The service was over, the people began to appear. Laptev strained his eyes gazing at the dark figures. The bishop had been driven by in his carriage, the bells had stopped ringing, and the red and green lights in the belfry were one after another extinguished—there had been an illumination, as it was dedication day—but the people were still coming out, lingering, talking, and standing under the windows. But at last Laptev heard a familiar voice, his heart began beating violently, and he was overcome with despair on seeing that Yulia Sergeyevna was not alone, but walking with two ladies.

“It’s awful, awful!” he whispered, feeling jealous. “It’s awful!”

At the corner of the lane, she stopped to say good-bye to the ladies, and while doing so glanced at Laptev.

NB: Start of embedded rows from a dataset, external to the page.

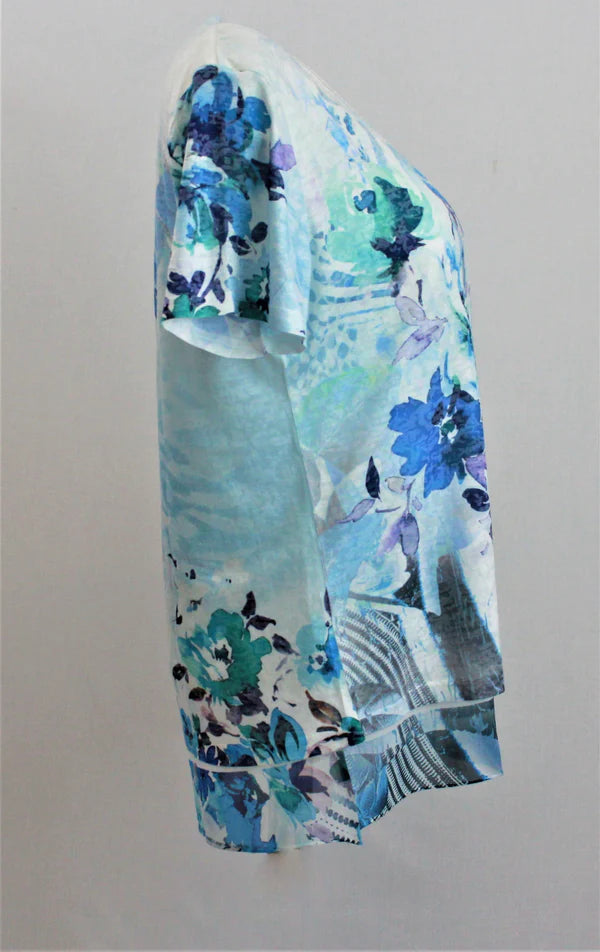 Printed Short Sleeve Knit T-shirt - Size Medium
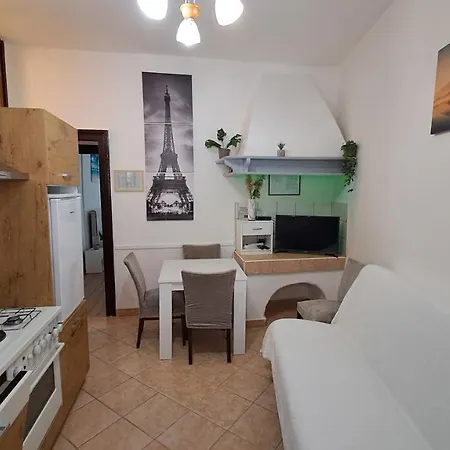 Red Blue With Private Parking And Gray Blue Appartement Pula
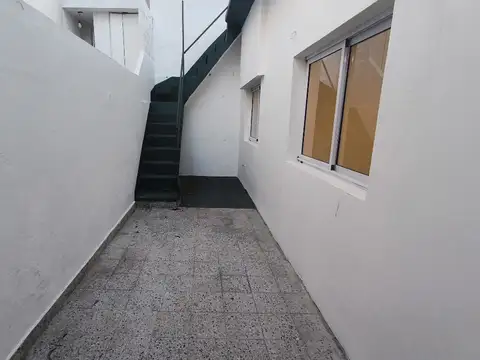 Casa PH 3 Ambientes RECICLADO A NUEVO en Venta - Ramos Mejía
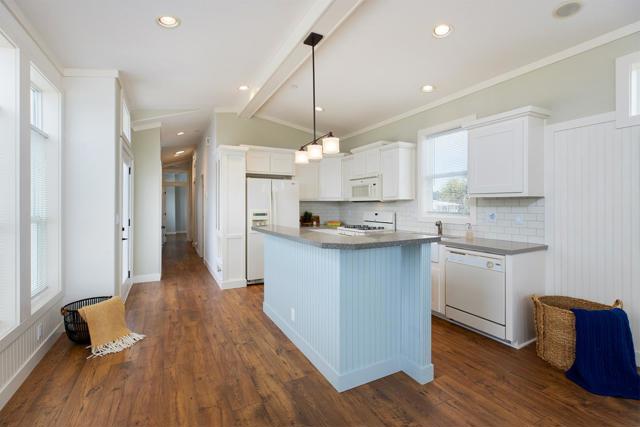 2395 Delaware Avenue, Santa Cruz CA: https://media.crmls.org/mediaz/48b4b9b5-52ea-46aa-a968-57336b87c6e8.jpg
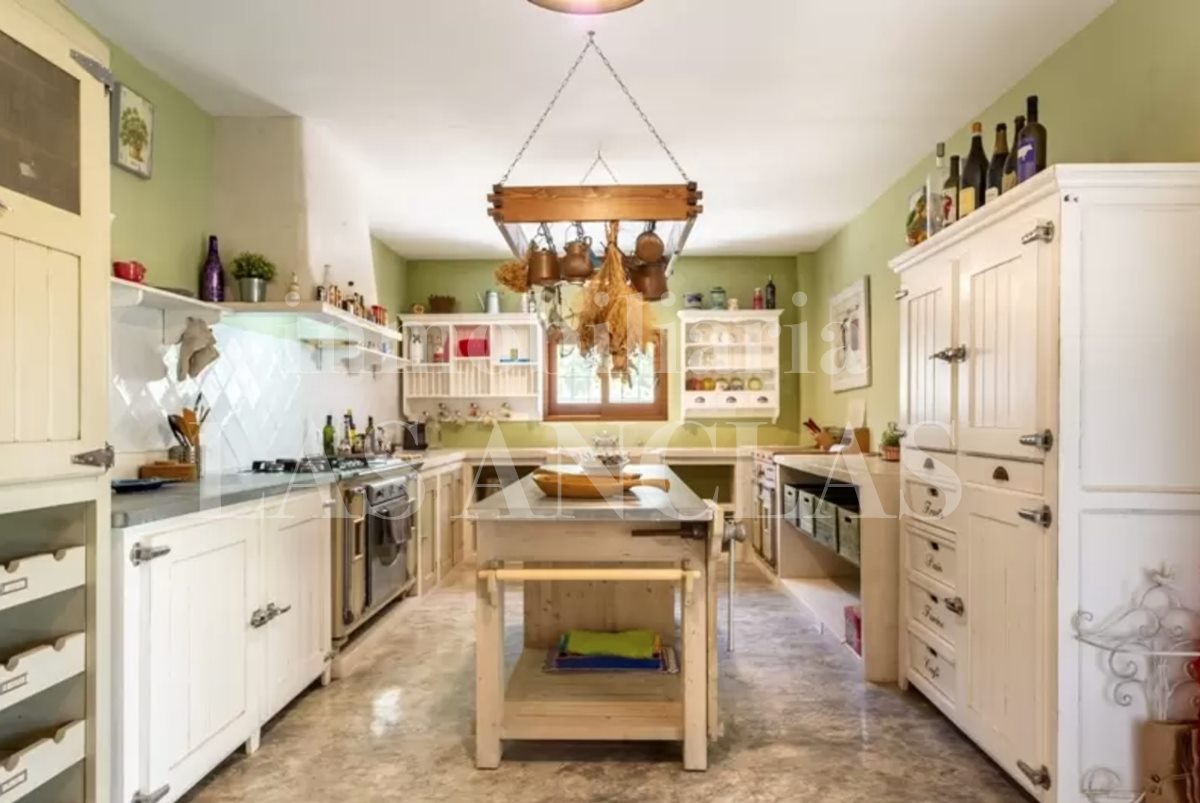 Ibiza San José - Romantic single-storey villa with guest house near to the beach for sale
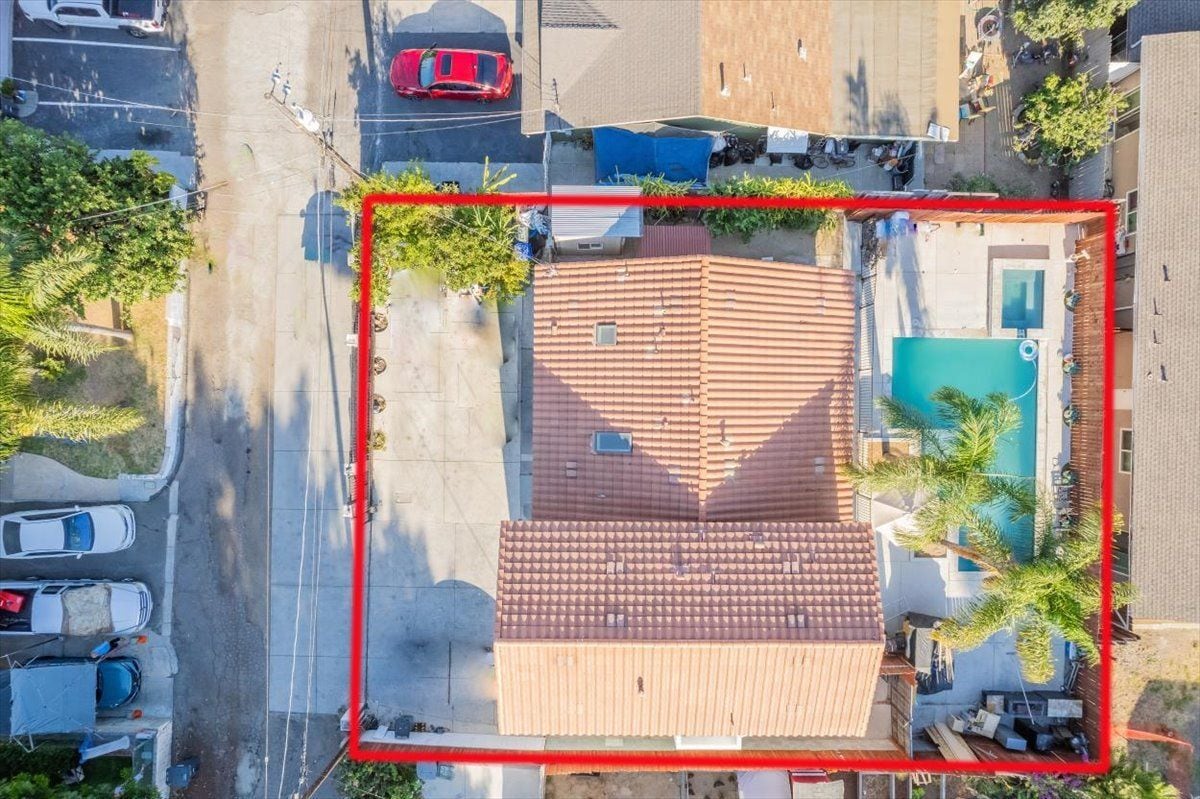 Building Photo - 330 Plaza De Benito Juarez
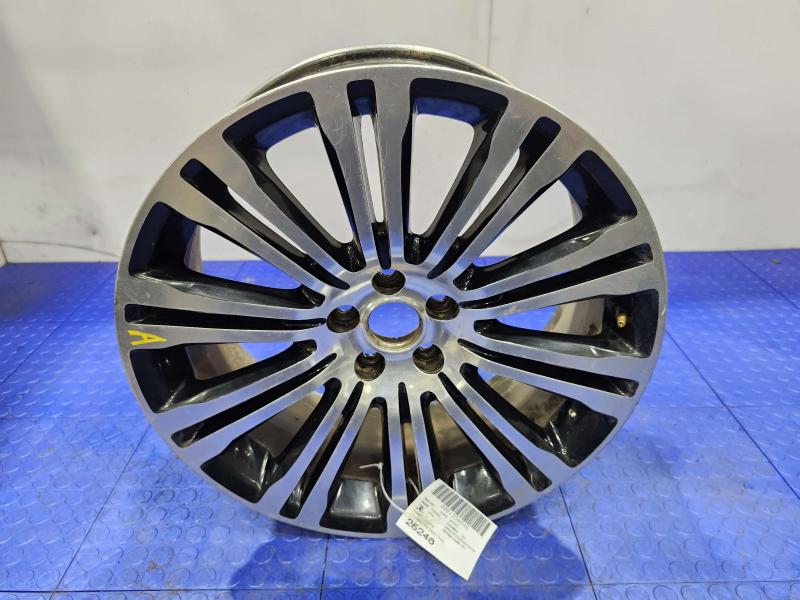 2013 Chrysler 300 Wheel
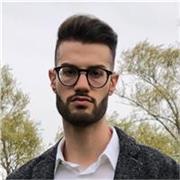 Software Engineer, laureato in informatica. Offro lezioni di informatica per diversi linguaggi e framework di programmazione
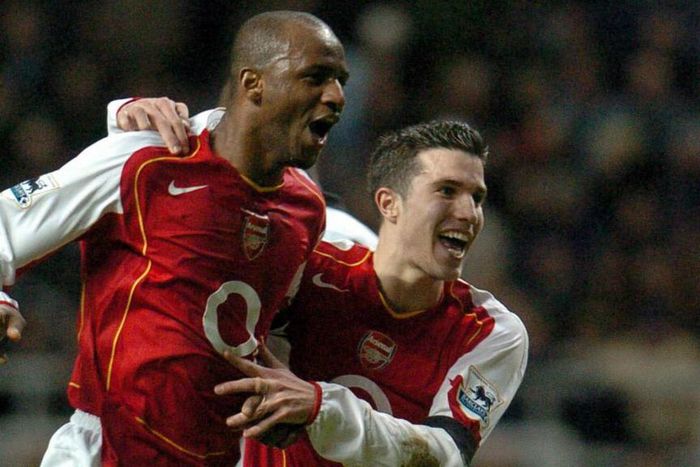 ___4252191___https:______static.pulse.com.gh___webservice___escenic___binary___4252191___2015___10___12___17___robin-van-persie-patrick-vieira-cropped_gxeubc91brer1adeu12u9e0xh_1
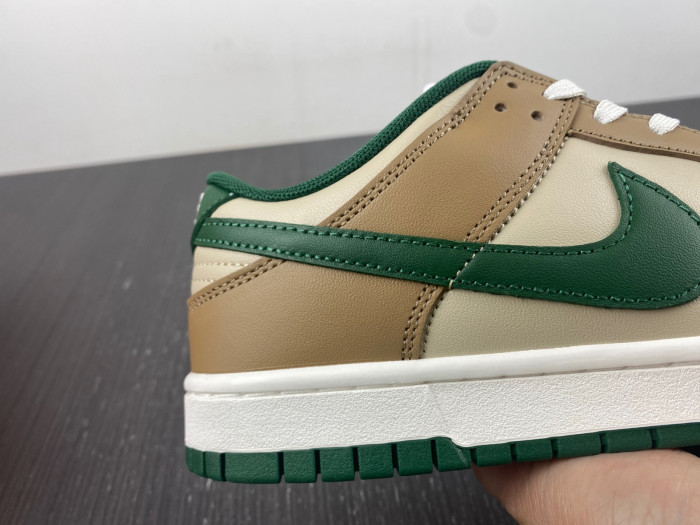 Nike Dunk Low Retro Rattan Gorge Green FB7160-231
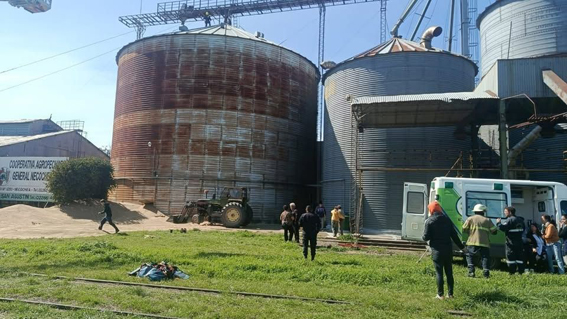 madariaga:-un-hombre-murio-tras-quedar-atrapado-en-un-silo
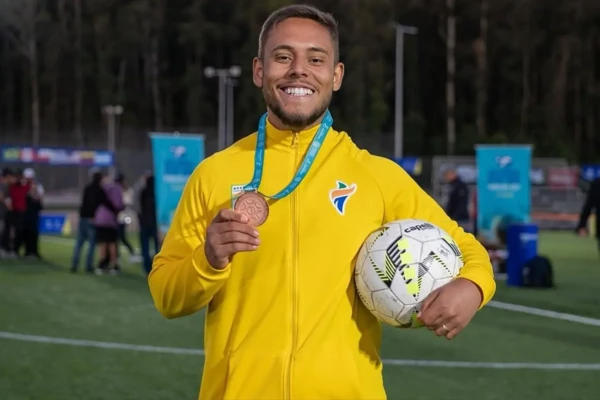 Anapolino Vini Gol teve um AVC aos 16 anos Goiano é eleito o melhor do Brasil no futebol para pessoas com paralisia cerebral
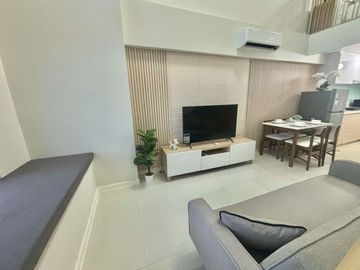 FOR SALE - 1BR SEAVIEW LOFT IN MANDANI BAY, MANDAUE CEBU. INTERIOR DESIGNED & FURNISHED.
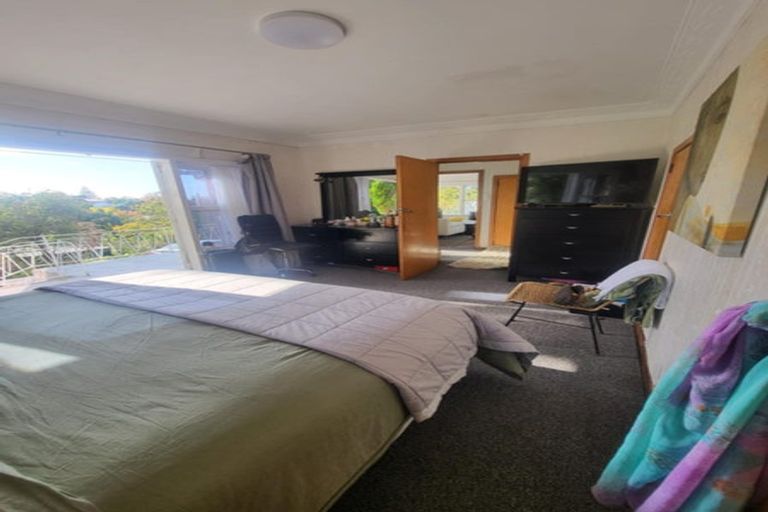 Photo of property in 35a Glenfern Road, Mellons Bay, Auckland, 2014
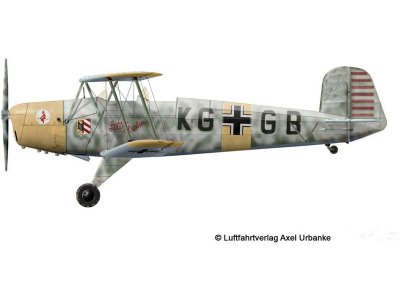 Revell 03886 Bücker Bü 131 1/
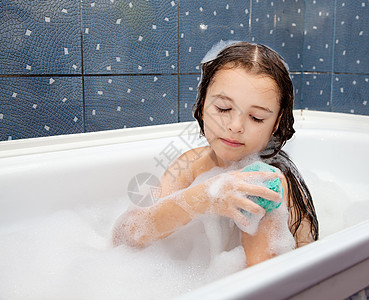 女孩坐在浴缸里洗手快乐洗澡孩子们乐趣肥皂孩子女性海绵飞溅卫生图片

“I was coming to see you,” he said. “I’m coming for a chat with your father. Is he at home?”

“Most likely,” she answered. “It’s early for him to have gone to the club.”

There were gardens all along the lane, and a row of lime-trees growing by the fence cast a broad patch of shadow in the moonlight, so that the gate and the fences were completely plunged in darkness on one side, from which came the sounds of women whispering, smothered laughter, and someone playing softly on a balalaika. There was a fragrance of lime-flowers and of hay. This fragrance and the murmur of the unseen whispers worked upon Laptev. He was all at once overwhelmed with a passionate longing to throw his arms round his companion, to shower kisses on her face, her hands, her shoulders, to burst into sobs, to fall at her feet and to tell her how long he had been waiting for her. A faint, scarcely perceptible scent of incense hung about her; and that scent reminded him of the time when he, too, believed in God and used to go to evening service, and when he used to dream so much of pure romantic love. And it seemed to him that, because this girl did not love him, all possibility of the happiness he had dreamed of then was lost to him forever.

She began speaking sympathetically of the illness of his sister, Nina Fyodorovna. Two months before his sister had undergone an operation for cancer, and now every one was expecting a return of the disease.

“I went to see her this morning,” said Yulia Sergeyevna, “and it seemed to me that during the last week she has, not exactly grown thin, but has, as it were, faded.”